*Provided entries*.
══════════════════════════════
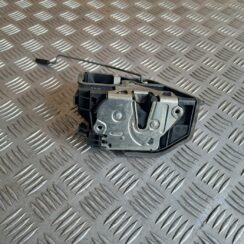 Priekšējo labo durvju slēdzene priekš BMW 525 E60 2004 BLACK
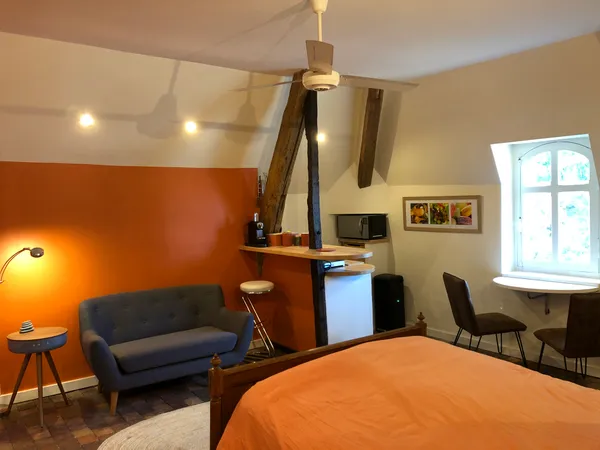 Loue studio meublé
══════════════════════════════
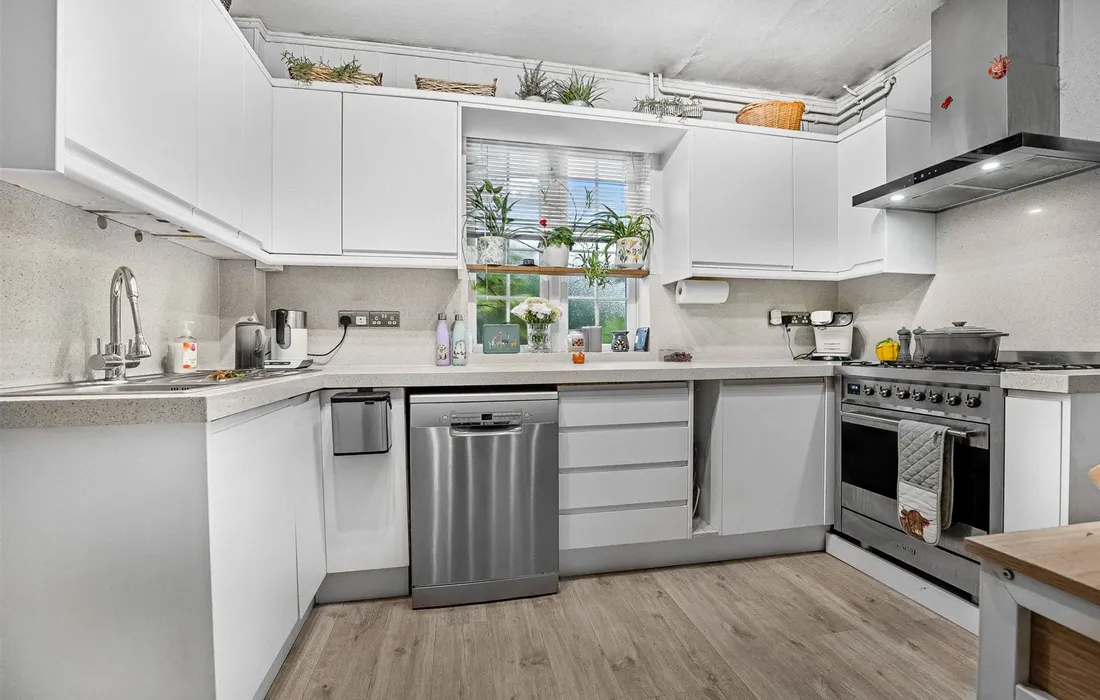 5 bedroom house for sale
══════════════════════════════
Please transcribe exactly the part of the records that opens with the line containing "Priekšējo labo durvju" and closes with the line containing "Loue studio meublé", both ends included, and leave out the pictures.

 Priekšējo labo durvju slēdzene priekš BMW 525 E60 2004 BLACK
 Loue studio meublé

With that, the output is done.